I think (I am not willing to investigate far enough to be certain) that more than half of my paying subscribers to this newsletter are based in America. This speaks, firstly, to the enormous generosity of the American people (not to mention their GDP). But, secondly, it stands to reason that they (which is to say you) might not know what’s going on here in the UK, with what we might call The Great Channel 4 Kerfuffle.
You might, indeed, not even know what Channel 4 is. I wouldn’t blame you; many people involved in this debate here in the UK don’t seem to know what it is. At its most simple level, it provided a fourth TV service here in the UK: slots 1 and 2 were occupied by the taxpayer-funded BBC, and the third slot by privately owned and operated ITV, which launched in 1955. In 1982 it was, apparently, decided that these three channels allow could not meet the huge appetites of Britain’s TV-watching public, and so a fourth channel emerged.

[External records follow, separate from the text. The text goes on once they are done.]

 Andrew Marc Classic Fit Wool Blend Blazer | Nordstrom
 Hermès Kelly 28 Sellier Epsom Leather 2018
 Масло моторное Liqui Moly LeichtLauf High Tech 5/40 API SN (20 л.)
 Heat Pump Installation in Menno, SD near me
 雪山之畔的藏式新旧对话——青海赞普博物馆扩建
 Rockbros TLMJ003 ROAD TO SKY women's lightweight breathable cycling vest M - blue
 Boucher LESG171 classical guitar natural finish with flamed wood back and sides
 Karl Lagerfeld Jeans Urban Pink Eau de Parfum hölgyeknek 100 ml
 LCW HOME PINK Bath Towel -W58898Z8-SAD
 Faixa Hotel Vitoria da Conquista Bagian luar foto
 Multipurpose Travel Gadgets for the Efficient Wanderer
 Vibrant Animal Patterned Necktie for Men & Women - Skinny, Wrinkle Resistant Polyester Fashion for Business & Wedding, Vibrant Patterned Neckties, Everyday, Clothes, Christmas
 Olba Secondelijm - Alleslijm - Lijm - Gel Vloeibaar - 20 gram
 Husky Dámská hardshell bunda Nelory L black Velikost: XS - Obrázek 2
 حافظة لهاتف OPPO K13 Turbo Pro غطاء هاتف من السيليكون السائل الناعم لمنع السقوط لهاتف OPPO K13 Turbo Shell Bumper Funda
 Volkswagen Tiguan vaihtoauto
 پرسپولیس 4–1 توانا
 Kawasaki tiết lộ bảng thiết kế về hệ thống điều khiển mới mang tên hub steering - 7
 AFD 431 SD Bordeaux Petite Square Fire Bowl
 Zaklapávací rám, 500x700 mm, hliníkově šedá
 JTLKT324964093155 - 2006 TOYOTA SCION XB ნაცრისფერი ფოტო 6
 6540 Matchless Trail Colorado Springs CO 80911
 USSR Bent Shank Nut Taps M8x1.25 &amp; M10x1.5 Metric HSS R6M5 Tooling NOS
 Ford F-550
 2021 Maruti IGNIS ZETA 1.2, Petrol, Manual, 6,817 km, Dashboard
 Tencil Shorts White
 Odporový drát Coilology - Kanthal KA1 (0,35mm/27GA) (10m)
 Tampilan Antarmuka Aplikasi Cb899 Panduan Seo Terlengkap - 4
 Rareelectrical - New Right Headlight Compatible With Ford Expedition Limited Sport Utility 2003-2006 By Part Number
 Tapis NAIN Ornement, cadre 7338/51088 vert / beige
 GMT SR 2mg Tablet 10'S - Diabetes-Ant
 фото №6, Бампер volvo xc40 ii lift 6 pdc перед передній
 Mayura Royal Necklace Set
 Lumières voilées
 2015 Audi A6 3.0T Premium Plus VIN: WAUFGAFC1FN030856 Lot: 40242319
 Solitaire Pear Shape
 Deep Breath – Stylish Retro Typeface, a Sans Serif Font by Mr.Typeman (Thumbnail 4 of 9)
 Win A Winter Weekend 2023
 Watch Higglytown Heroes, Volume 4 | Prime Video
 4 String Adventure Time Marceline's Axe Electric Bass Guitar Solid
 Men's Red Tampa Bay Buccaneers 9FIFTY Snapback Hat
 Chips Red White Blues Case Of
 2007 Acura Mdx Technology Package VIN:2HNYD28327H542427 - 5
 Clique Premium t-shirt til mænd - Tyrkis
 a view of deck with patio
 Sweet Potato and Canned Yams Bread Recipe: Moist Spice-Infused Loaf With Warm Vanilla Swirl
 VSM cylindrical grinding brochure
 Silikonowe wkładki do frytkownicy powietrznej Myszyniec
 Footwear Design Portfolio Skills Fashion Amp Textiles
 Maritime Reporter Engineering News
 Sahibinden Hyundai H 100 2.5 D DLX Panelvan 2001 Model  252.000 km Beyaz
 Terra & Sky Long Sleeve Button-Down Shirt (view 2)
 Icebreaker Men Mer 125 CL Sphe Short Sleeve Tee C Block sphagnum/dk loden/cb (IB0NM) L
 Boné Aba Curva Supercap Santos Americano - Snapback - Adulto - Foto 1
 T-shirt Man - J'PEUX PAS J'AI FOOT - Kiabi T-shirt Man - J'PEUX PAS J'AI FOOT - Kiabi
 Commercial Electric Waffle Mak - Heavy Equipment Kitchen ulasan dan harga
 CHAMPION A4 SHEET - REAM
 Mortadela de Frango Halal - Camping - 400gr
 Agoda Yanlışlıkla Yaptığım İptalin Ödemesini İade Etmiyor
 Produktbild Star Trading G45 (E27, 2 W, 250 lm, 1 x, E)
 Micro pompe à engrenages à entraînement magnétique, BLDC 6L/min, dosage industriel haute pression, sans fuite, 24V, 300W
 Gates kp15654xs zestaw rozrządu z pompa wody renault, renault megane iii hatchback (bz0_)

Channel 4 is a commercial channel, funded by advertising against its content. But it is owned (at least currently) but the Channel Four Television Corporation, a government entity created to facilitate the launch of the channel. As such, it has a slightly uneasy identity: it feels more private-sector than its competitors at the BBC, but is still bound by the rules of a state-owned broadcaster. Anyhow, that’s the basics on the organisation that, last week, Culture Secretary, and known village idiot, Nadine Dorries put up for sale.